Your instructions
Every line below from the one containing "Swaddle Sealand Melody" through the one containing "20250619 112352 250 GT Nembo Spyder 1965" must be transcribed exactly. Omit all lines outside that stretch.

Exercise data
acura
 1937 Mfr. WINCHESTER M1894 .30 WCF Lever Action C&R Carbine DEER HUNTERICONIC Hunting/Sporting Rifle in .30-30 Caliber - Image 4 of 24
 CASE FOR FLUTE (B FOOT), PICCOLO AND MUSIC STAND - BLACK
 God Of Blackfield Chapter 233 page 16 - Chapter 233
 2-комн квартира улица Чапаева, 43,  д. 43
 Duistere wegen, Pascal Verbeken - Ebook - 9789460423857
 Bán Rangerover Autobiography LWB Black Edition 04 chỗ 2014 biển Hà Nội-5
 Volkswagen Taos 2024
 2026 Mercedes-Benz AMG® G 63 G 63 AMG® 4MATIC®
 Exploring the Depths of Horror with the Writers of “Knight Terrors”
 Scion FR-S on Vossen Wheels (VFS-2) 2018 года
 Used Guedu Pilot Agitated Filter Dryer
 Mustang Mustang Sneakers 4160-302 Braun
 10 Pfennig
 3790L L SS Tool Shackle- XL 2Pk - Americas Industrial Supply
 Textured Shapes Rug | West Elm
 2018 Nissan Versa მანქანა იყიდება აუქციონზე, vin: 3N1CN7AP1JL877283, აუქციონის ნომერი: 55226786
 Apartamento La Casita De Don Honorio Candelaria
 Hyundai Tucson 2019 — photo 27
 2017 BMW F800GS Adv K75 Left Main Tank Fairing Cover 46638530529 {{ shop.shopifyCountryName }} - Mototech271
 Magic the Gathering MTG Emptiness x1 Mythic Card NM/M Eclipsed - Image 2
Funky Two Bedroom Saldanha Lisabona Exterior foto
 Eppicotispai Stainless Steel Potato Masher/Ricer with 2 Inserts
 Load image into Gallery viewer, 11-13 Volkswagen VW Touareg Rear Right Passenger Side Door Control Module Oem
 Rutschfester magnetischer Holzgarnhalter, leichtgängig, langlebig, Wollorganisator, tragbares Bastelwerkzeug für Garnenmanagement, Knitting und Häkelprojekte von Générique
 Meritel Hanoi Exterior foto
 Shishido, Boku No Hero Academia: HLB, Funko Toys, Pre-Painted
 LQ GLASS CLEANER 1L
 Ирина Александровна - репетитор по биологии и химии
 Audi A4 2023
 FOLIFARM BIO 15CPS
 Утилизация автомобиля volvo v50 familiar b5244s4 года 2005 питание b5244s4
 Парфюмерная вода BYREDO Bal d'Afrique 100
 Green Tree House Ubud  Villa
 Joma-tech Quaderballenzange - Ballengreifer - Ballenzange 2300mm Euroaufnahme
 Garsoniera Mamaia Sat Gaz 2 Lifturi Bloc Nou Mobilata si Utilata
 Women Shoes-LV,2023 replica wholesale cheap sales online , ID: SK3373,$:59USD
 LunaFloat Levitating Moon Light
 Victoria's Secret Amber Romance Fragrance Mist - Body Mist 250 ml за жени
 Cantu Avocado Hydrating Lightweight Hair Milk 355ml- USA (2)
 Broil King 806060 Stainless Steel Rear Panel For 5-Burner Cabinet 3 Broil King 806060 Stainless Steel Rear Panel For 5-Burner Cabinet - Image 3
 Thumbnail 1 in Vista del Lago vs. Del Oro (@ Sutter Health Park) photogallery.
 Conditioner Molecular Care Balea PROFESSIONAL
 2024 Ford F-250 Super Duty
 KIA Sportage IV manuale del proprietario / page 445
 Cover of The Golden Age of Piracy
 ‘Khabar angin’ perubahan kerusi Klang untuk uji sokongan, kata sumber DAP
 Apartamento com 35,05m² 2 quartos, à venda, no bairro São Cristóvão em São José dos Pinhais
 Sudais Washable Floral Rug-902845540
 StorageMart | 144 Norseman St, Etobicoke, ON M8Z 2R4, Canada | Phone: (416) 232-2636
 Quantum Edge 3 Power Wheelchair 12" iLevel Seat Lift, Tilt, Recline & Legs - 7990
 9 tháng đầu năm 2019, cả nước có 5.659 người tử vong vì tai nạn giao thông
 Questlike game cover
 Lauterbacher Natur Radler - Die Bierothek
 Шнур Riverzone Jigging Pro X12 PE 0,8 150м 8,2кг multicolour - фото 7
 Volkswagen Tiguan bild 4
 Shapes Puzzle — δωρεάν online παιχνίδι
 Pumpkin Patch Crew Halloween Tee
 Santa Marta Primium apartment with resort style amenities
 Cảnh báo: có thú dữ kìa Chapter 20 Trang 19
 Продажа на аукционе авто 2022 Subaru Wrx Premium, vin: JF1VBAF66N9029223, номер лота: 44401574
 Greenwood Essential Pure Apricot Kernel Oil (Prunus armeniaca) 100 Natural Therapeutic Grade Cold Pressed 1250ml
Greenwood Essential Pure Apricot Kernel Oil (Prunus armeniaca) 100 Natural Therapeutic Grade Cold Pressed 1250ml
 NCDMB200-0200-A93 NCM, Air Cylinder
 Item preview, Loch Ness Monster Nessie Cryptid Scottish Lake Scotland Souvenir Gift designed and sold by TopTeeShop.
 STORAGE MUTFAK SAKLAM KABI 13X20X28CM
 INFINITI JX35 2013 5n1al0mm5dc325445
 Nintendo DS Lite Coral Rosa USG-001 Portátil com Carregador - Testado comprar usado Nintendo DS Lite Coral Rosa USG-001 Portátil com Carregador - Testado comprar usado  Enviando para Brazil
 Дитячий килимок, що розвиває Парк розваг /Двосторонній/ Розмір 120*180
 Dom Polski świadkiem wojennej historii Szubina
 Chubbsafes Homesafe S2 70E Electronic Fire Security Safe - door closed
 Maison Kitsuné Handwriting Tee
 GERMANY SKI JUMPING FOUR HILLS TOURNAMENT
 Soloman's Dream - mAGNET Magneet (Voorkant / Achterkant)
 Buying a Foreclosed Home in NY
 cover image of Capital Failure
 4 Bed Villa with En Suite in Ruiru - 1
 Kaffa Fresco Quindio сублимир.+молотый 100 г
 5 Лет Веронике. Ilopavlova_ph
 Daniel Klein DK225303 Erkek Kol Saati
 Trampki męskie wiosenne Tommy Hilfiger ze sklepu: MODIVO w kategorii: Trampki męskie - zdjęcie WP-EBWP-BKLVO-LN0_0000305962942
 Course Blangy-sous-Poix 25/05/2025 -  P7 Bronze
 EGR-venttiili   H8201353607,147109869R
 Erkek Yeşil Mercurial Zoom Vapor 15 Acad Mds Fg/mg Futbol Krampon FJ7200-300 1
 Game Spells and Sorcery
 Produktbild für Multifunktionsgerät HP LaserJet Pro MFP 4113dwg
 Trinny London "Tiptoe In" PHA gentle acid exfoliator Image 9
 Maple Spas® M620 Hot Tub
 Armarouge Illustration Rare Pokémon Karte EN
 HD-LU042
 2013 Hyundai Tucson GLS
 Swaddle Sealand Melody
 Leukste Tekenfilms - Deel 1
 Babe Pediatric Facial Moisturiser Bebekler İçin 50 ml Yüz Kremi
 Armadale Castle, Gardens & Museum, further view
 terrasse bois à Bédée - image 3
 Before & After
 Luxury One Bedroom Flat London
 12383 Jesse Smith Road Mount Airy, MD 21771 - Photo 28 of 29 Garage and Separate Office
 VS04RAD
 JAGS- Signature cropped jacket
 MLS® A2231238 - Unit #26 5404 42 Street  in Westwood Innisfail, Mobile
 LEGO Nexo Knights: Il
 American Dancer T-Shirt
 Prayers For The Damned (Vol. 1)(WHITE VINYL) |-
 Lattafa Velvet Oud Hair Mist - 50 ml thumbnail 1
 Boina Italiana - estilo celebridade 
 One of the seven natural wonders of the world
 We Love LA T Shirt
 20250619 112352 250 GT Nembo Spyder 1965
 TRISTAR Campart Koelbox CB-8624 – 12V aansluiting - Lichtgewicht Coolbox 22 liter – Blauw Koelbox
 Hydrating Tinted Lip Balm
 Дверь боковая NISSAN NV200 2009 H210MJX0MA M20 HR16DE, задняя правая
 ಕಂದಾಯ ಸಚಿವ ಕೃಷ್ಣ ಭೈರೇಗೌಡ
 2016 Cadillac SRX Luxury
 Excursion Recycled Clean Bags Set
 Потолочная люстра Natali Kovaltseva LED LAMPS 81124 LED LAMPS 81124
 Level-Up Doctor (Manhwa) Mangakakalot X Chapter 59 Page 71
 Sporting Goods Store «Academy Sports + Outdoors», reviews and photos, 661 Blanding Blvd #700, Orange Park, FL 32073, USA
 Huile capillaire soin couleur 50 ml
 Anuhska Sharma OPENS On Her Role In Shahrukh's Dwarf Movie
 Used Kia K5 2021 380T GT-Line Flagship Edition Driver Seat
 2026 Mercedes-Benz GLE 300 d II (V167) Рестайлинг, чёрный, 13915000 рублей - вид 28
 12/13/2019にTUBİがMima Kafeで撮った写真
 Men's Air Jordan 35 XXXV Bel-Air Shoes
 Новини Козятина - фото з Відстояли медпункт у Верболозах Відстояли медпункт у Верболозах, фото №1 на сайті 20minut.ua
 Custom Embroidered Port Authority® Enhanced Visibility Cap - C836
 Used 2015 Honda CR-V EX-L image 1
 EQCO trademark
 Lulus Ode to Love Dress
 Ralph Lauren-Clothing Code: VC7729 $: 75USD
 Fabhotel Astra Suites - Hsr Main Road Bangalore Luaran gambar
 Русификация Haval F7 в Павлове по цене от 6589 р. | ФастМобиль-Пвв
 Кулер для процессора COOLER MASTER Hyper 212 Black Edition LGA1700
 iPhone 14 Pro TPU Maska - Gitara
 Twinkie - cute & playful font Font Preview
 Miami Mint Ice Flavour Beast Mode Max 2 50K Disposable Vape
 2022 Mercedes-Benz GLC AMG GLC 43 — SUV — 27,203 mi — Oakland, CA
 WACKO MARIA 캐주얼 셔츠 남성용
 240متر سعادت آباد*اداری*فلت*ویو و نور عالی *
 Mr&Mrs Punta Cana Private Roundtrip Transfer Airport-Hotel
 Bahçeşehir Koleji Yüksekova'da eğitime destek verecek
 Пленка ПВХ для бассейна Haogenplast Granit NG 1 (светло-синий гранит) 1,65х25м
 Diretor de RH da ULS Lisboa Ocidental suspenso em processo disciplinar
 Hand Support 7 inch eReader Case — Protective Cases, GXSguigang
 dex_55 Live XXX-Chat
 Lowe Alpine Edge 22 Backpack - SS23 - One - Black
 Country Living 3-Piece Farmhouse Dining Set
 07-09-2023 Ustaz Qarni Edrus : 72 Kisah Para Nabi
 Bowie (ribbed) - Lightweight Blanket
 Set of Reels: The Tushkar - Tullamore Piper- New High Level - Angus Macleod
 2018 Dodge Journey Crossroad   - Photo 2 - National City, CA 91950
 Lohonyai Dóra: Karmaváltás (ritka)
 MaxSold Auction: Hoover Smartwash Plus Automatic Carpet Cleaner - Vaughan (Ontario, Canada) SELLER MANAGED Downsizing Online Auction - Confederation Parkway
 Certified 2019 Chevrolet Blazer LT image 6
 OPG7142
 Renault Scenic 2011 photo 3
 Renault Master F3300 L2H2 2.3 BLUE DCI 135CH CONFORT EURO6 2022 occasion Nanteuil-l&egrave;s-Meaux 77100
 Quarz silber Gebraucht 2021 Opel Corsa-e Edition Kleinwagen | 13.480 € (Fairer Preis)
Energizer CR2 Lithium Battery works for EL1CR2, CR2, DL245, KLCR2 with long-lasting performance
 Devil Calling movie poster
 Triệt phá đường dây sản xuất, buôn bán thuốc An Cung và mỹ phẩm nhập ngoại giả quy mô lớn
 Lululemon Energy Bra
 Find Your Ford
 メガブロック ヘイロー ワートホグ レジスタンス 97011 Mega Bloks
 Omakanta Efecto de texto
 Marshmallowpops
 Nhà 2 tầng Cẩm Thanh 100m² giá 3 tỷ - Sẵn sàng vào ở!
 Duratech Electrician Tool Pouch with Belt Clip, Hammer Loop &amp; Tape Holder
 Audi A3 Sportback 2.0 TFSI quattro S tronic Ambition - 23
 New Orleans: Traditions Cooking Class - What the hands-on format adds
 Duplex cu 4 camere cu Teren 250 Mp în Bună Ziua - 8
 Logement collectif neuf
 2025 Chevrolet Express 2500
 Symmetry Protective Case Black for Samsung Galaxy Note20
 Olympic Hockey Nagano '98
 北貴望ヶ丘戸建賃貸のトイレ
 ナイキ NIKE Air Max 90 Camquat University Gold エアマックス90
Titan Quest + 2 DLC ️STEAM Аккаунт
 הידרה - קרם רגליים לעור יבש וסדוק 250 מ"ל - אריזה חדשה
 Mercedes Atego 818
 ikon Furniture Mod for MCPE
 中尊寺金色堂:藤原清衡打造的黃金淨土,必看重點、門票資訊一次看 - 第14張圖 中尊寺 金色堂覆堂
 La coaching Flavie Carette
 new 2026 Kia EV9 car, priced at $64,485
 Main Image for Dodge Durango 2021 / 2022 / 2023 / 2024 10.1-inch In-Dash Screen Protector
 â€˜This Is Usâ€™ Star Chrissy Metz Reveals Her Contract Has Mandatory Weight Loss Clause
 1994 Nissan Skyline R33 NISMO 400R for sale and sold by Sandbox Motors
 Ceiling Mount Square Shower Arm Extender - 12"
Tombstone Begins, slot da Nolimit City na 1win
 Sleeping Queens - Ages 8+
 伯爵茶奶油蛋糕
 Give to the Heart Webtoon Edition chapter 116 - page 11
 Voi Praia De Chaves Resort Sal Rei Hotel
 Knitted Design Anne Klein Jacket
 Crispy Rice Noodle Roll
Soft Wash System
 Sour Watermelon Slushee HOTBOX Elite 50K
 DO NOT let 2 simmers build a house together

Solution
 Swaddle Sealand Melody
 Leukste Tekenfilms - Deel 1
 Babe Pediatric Facial Moisturiser Bebekler İçin 50 ml Yüz Kremi
 Armadale Castle, Gardens & Museum, further view
 terrasse bois à Bédée - image 3
 Before & After
 Luxury One Bedroom Flat London
 12383 Jesse Smith Road Mount Airy, MD 21771 - Photo 28 of 29 Garage and Separate Office
 VS04RAD
 JAGS- Signature cropped jacket
 MLS® A2231238 - Unit #26 5404 42 Street  in Westwood Innisfail, Mobile
 LEGO Nexo Knights: Il
 American Dancer T-Shirt
 Prayers For The Damned (Vol. 1)(WHITE VINYL) |-
 Lattafa Velvet Oud Hair Mist - 50 ml thumbnail 1
 Boina Italiana - estilo celebridade 
 One of the seven natural wonders of the world
 We Love LA T Shirt
 20250619 112352 250 GT Nembo Spyder 1965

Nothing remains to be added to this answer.